Prompt
Word for word, copy out the data below, omitting pictures.

Information supplied
***

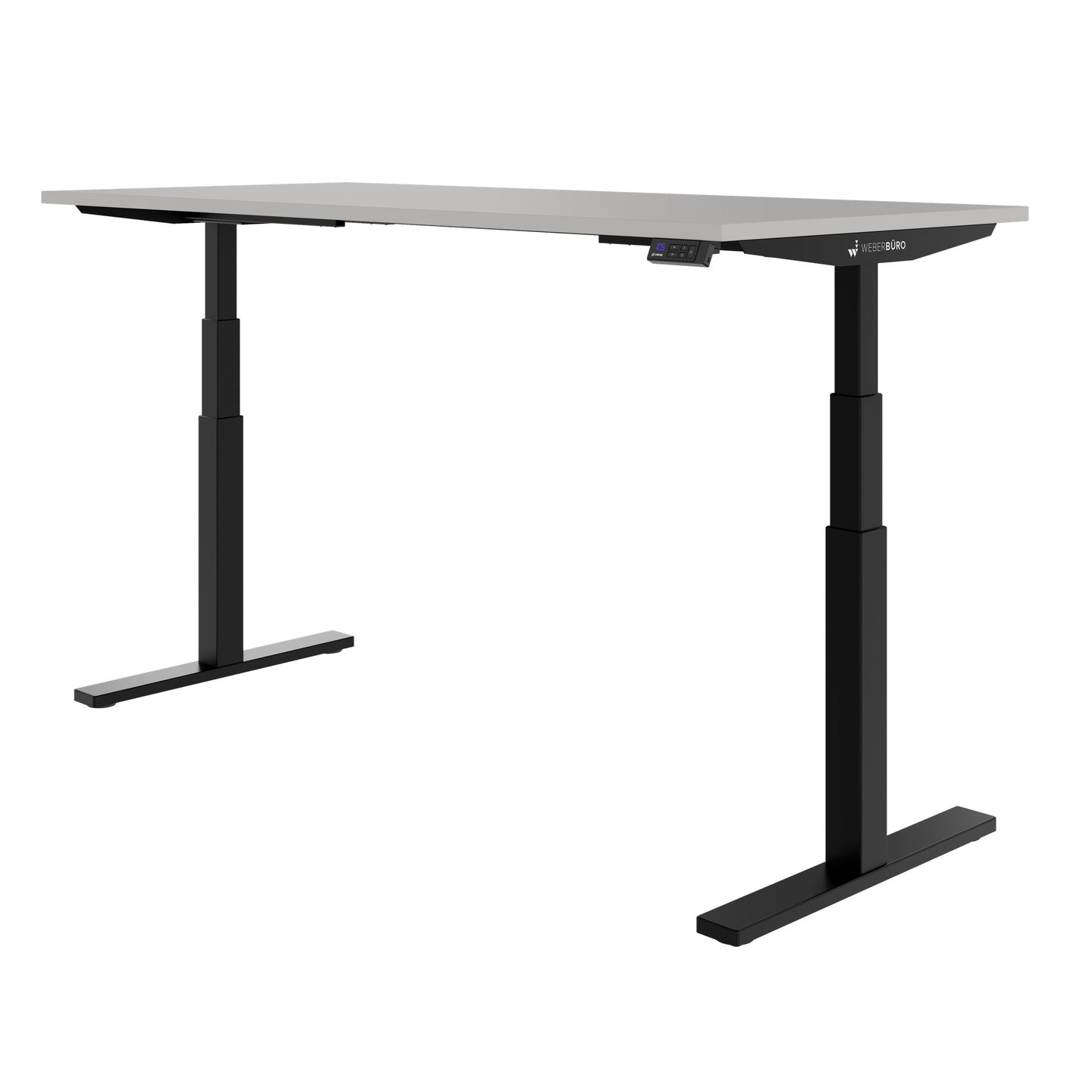 TELDRA Office, 2-motor desk | 1600 - 1800 x 800 mm, electrically height adjustable, linoleum Pebble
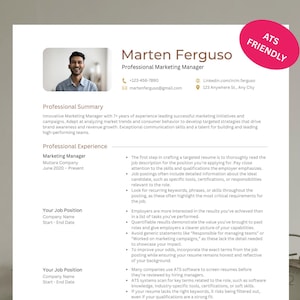 ATS Friendly Resume for Marketing Profession | Digital Marketing Resume | Modern CV Template | Word and Canva | Modern ATS Resume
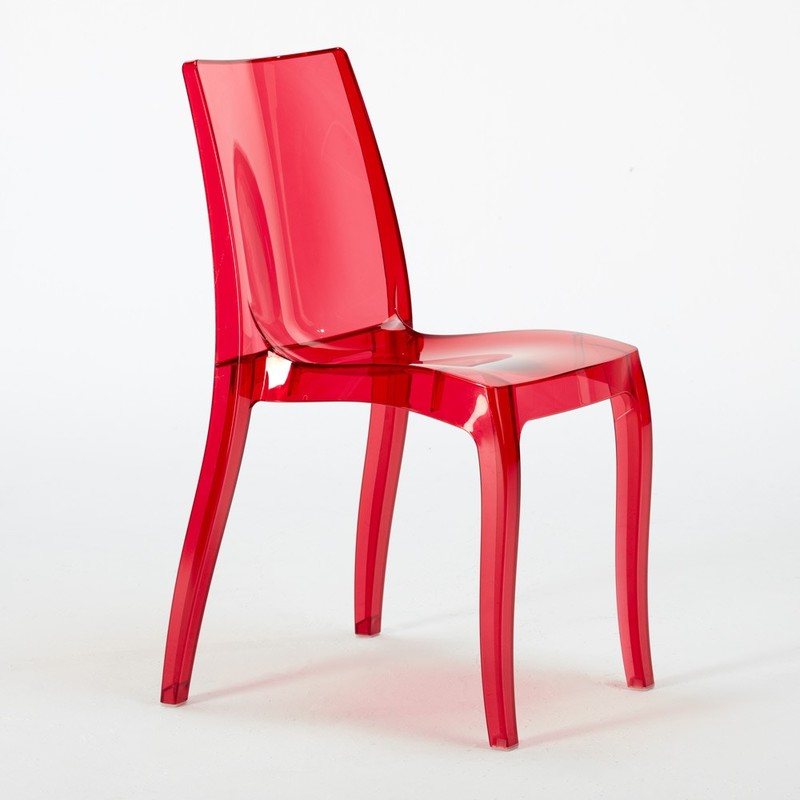 Chaise salle à manger bar transparent empilable CRISTAL LIGHT polycarbonate Grand Soleil Design | Rouge transparent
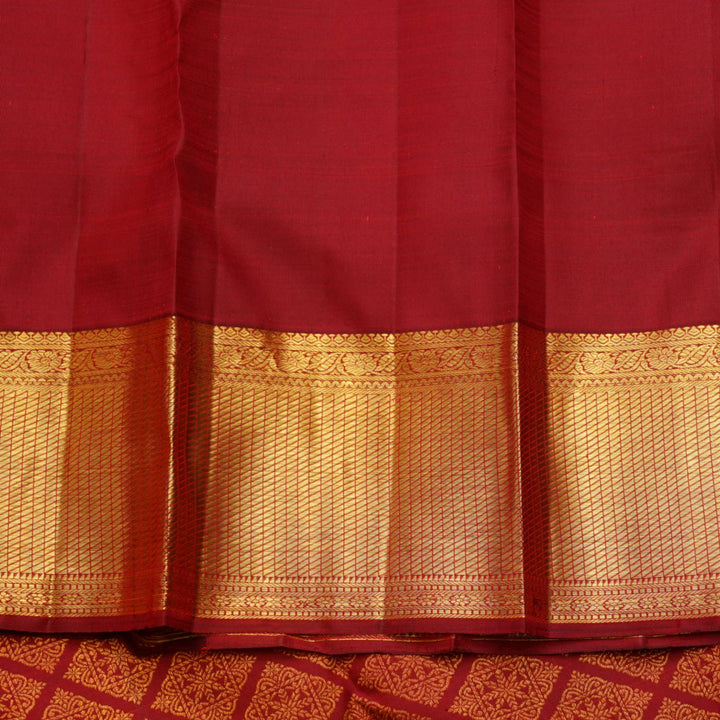 Red brocade kanjivaram silk saree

***

Solution
 TELDRA Office, 2-motor desk | 1600 - 1800 x 800 mm, electrically height adjustable, linoleum Pebble
 ATS Friendly Resume for Marketing Profession | Digital Marketing Resume | Modern CV Template | Word and Canva | Modern ATS Resume
 Chaise salle à manger bar transparent empilable CRISTAL LIGHT polycarbonate Grand Soleil Design | Rouge transparent
 Red brocade kanjivaram silk saree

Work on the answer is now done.